The ERA5 data can now be reprojected to UTM 50N using the rasterio accessor tools.

Note

The interpolation mapping used here at the moment is the nearestmethod of rasterio. Other methods are available: https://rasterio.readthedocs.io/en/stable/api/rasterio.enums.html#rasterio.enums.Resampling We might want to use a different interpolation strategy to give a smooth surface .

utm50N_crs = CRS.from_epsg(32650)
era5_data_UTM50N = era5_data_WGS84.rio.reproject(
    dst_crs=utm50N_crs,
    shape=dest_shape,
    transform=dest_transform,
    resampling=Resampling.nearest,
)

Warning

The Virtual Ecosystem example data is run on a 90 x 90 m grid. This means that some form of spatial downscaling has to be applied to the dataset, for example by spatially interpolating coarser resolution climate data and including the effects of local topography. This is not yet implemented!

We now need to convert the units of the dataset to match those expected by the Virtual Ecosystem.
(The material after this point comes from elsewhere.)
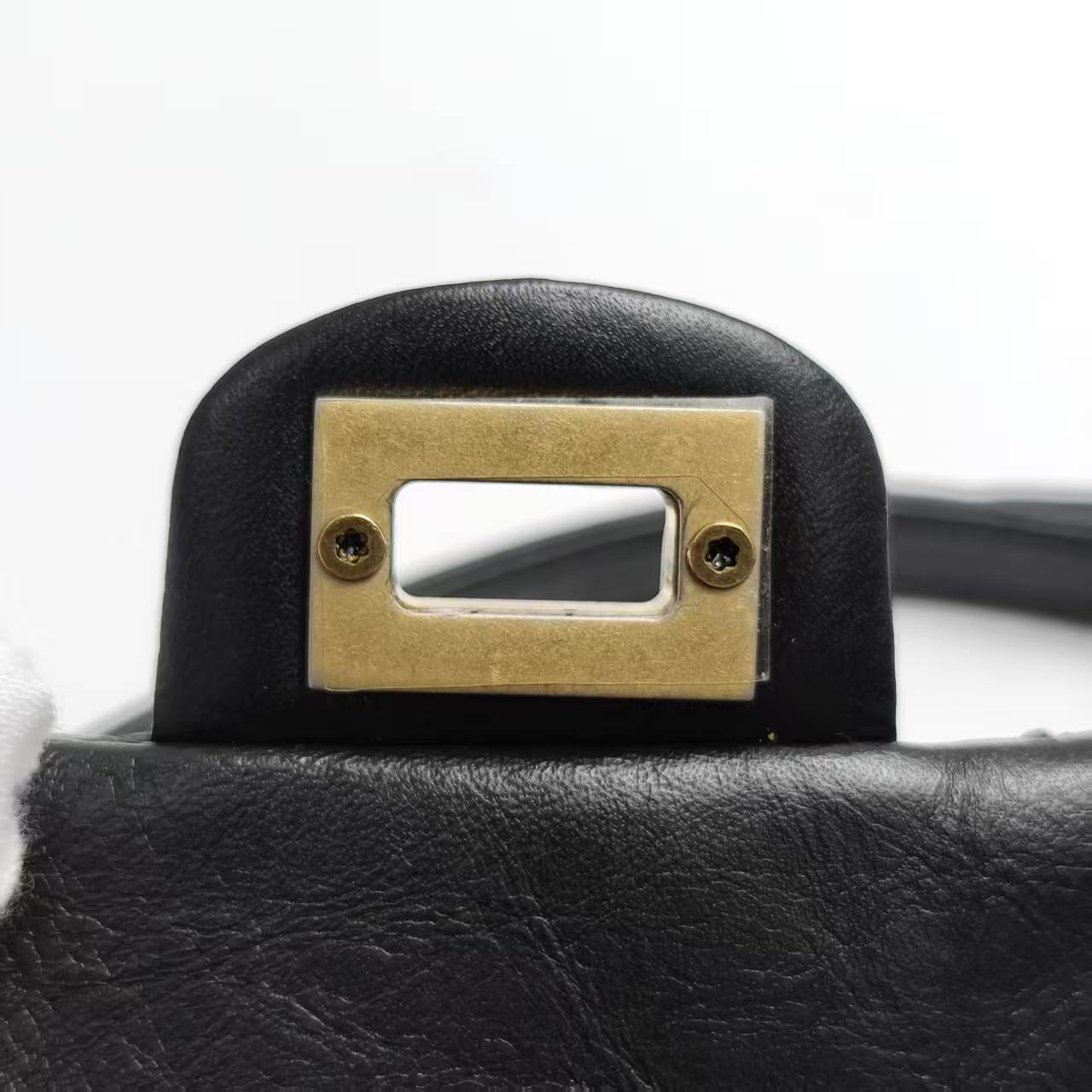 【*Shipped from: China*】CHANEL 2.55 Leather Waist Bag 26307470 — view 9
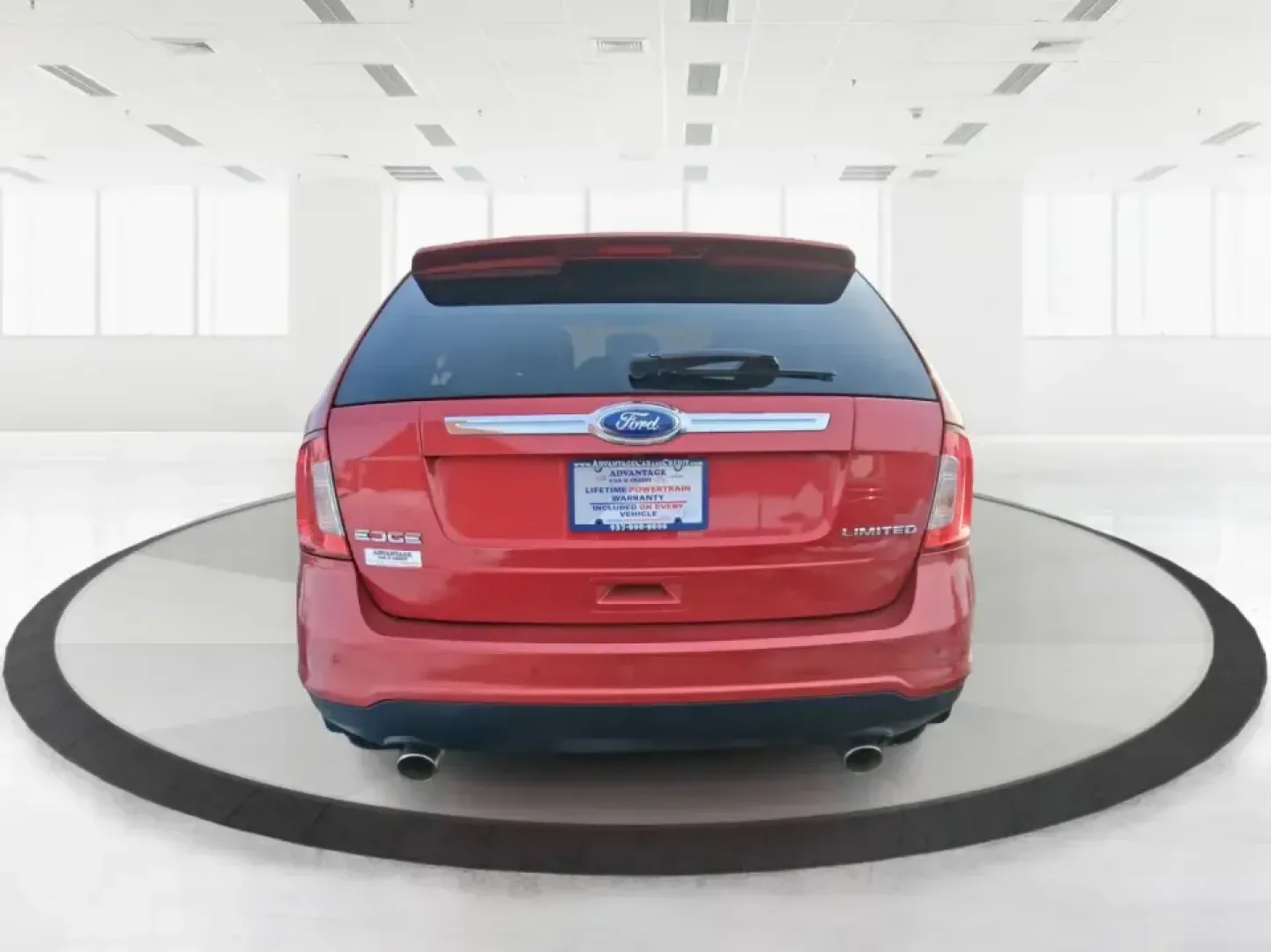 2011 Ford Edge Limited (2FMDK3KC0BB) with an 3.5L V-6 DOHC engine, 6-Speed Automatic transmission, located at 401 Woodman Dr, Riverside, OH, 45431, (937) 908-9800, 39.760899, -84.123421 - Load up the family, pack the cooler, and point the nose toward a weekend getaway-this 2011 Ford Edge Limited is the kind of SUV that fits real life in New Carlisle, from school drop-offs and grocery runs to road trips out toward Dayton or a quick escape to nearby parks. Finished in eye-catching Bord - Photo#3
dataset = era5_data_UTM50N

# The standard output unit of 2m dewpoint temperature (d2m ) and 2m air temperature
# (t2m) is Kelvin (K) which we need to convert to degree Celsius (C) for the
# Virtual Ecosystem.
dataset["t2m_C"] = dataset["t2m"] - 273.15
dataset["d2m_C"] = dataset["d2m"] - 273.15

# Relative humidity (rh) is not a standard output from ERA5-Land but can be calculated
# from 2m dewpoint temperature (d2m in C) and 2m air temperature (t2m in C)
dataset["rh"] = 100.0 * (
    np.exp(17.625 * dataset["d2m_C"] / (243.04 + dataset["d2m_C"]))
    / np.exp(17.625 * dataset["t2m_C"] / (243.04 + dataset["t2m_C"]))
)

# The standard output unit for total precipitation (tp) in ERA5-Land is meters (m)
# which we need to convert to millimeters (mm). Further, the data represents mean daily
# accumulated precipitation for the 9x9km grid box, so the value has to be scaled to
#  monthly (here 30 days). TODO handle daily inputs
dataset["tp_mm"] = dataset["tp"] * 1000 * 30

# The standard output unit for surface pressure (sp) in ERA5-Land is Pascal (Pa) which
# we need to convert to kilopascal (kPa) by dividing by 1000.
dataset["sp_kPa"] = dataset["sp"] / 1000

# The standard output unit for surface solar radiation downward (ssrd) in ERA5-Land is
# Joule per square meter (Jm-2) which need to be converted to Watts per square meter
# (Wm-2) by dividing by the number of seconds in a month
dataset["ssrd_Wm-2"] = dataset["ssrd"] / 2592000

# The standard output unit for surface thermal radiation downward (strd) in ERA5-Land is
# Joule per square meter (Jm-2) which need to be converted to Watts per square meter
# (Wm-2) by dividing by the number of seconds in a month
dataset["strd_Wm-2"] = dataset["strd"] / 2592000

Some variables then need to be renamed to match Virtual Ecosystem conventions.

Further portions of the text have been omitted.